A Internet é tanto uma coleção de comunidades como uma coleção de tecnologias, e seu sucesso é largamente atribuído à satisfação das necessidades básicas da comunidade, bem como utilizando a comunidade de uma forma eficaz para empurrar a infra-estrutura para a frente. Este espírito de comunidade tem uma longa história, começando com a ARPANET. Os pesquisadores da antiga ARPANET trabalharam numa comunidade fechada para conseguirem fazer as demonstrações iniciais da tecnologia de comutação de pacotes descrita anteriormente. Da mesma forma, o Packet Satellite, Packet Radio e vários outros programas de computador DARPA pesquisa científica foram contratante multi-atividades cooperadas que usavam pesadamente qualquer mecanismo disponível para coordenar seus esforços, começando com o correio eletrônico e acrescentando compartilhamento de arquivos, acesso remoto, e, finalmente, World capacidades Wide Web. Cada um destes programas formou um grupo de trabalho, começando com a ARPANET Network Working Group. Devido ao papel único que jogou ARPANET como infra-estrutura de apoio a vários programas de pesquisa, como a Internet começou a evoluir, a rede Grupo de Trabalho evoluiu para Internet Working Group.

No final dos anos 1970, reconhecendo que o crescimento da Internet foi acompanhado por um crescimento no tamanho da comunidade de pesquisa interessada e, portanto, uma maior necessidade de mecanismos de coordenação, Vint Cerf, então gerente do Programa Internet da DARPA, formou vários grupos de coordenação - um Conselho de Cooperação Internacional (ICB), presidido por Peter Kirstein da UCL, para coordenar as atividades com alguns países europeus envolvidos no programa Packet Satellite investigação, uma pesquisa do Internet Group, que era um grupo, inclusive fornecendo um ambiente para troca de informação geral, e uma Internet Configuration Control Board (BICE), presidido por Clark. O ICCB era um órgão de convite para assessorar Cerf na gerência da florescente Internet.
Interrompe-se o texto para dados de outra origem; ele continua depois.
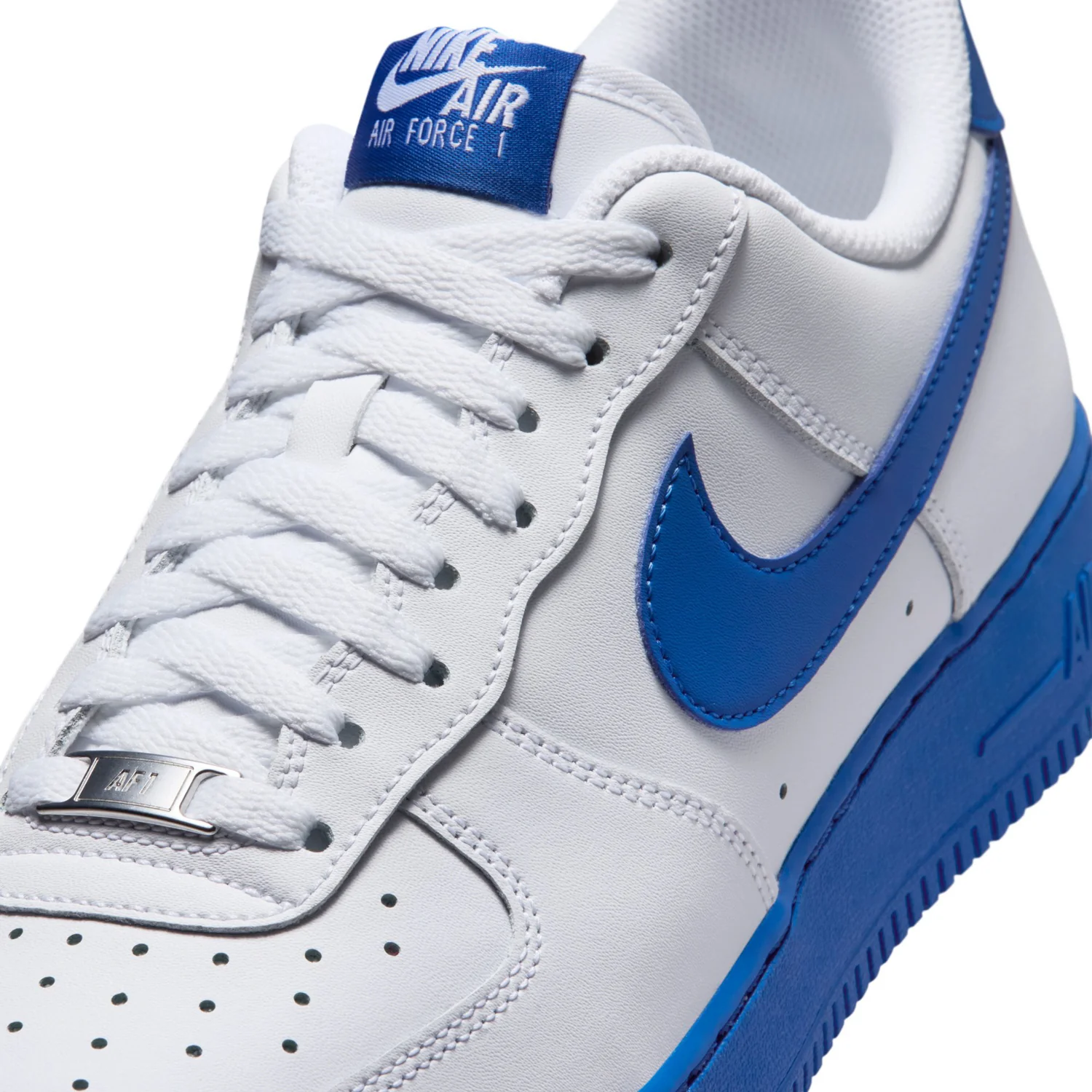 Air Force 1 Low 07 - Mens - Image 7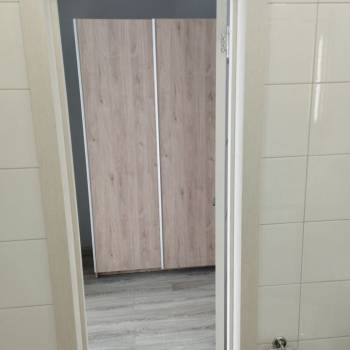 Сдается 1-комнатная квартира, 33 м²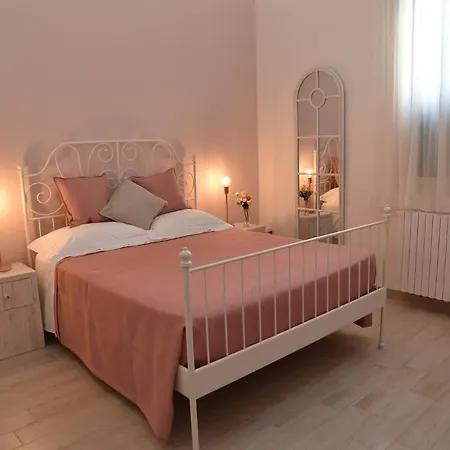 Ai Raggi Di Sole 4* Lecce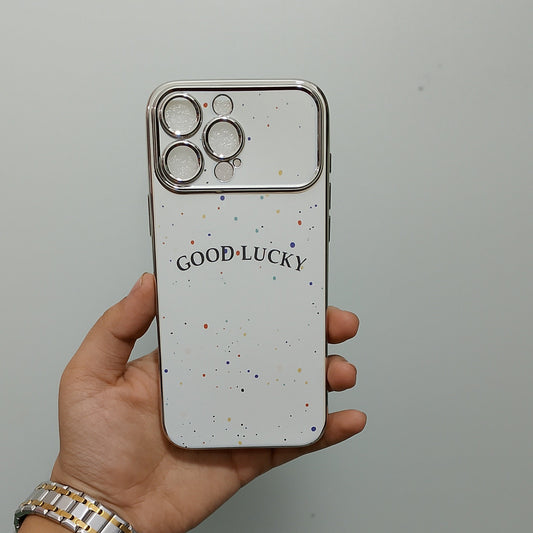PK185 Mix case - iphone 16 pro max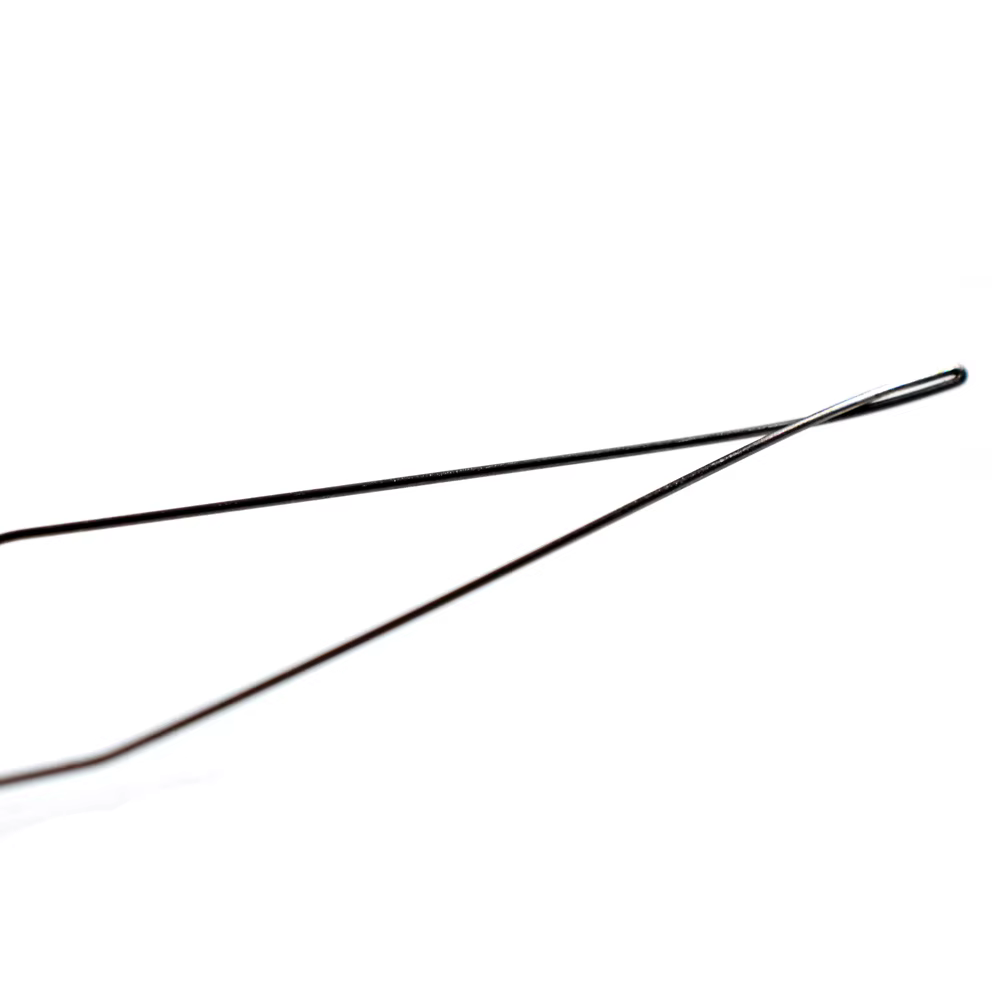 Enhebrador de Latón para Pesca con Mosca – Half Hitch MNFT - imagen 5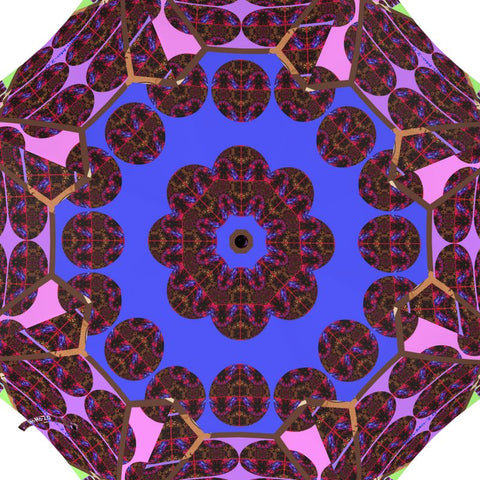 ‘Hot Wired’ Umbrella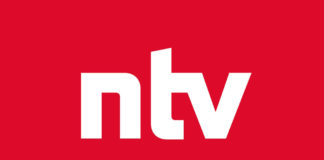 ntv, logo; © N-TV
Em 1983, quando Barry Leiner passou a gerenciar o programa de pesquisa da Internet na DARPA, ele e Clark reconheceram que o crescimento contínuo da comunidade Internet demandava uma reestruturação dos mecanismos de coordenação. O ICCB foi dissolvida e em seu lugar uma estrutura de Forças-Tarefa foi formada, cada um focado em uma área particular da tecnologia (por exemplo, roteadores, end-to-end protocolos, etc.) A Internet Activities Board (IAB) foi formado com os presidentes da Força Tarefa. É claro foi apenas uma coincidência que os presidentes das forças-tarefa foram as mesmas pessoas que os membros do antigo ICCB e Dave Clark continuou a agir como presidente.

Depois de algumas mudanças no IAB, Phill Gross se tornou o presidente da revitalizada Internet Engineering Task Force (IETF), no momento em apenas um dos IAB Task Forces. Como vimos acima, em 1985 houve um crescimento enorme no lado mais prático de engenharia / da Internet. Este crescimento resultou em uma explosão na participação nas reuniões do IETF, e Gross teve que criar infra-estrutura para o IETF na forma de grupos de trabalho.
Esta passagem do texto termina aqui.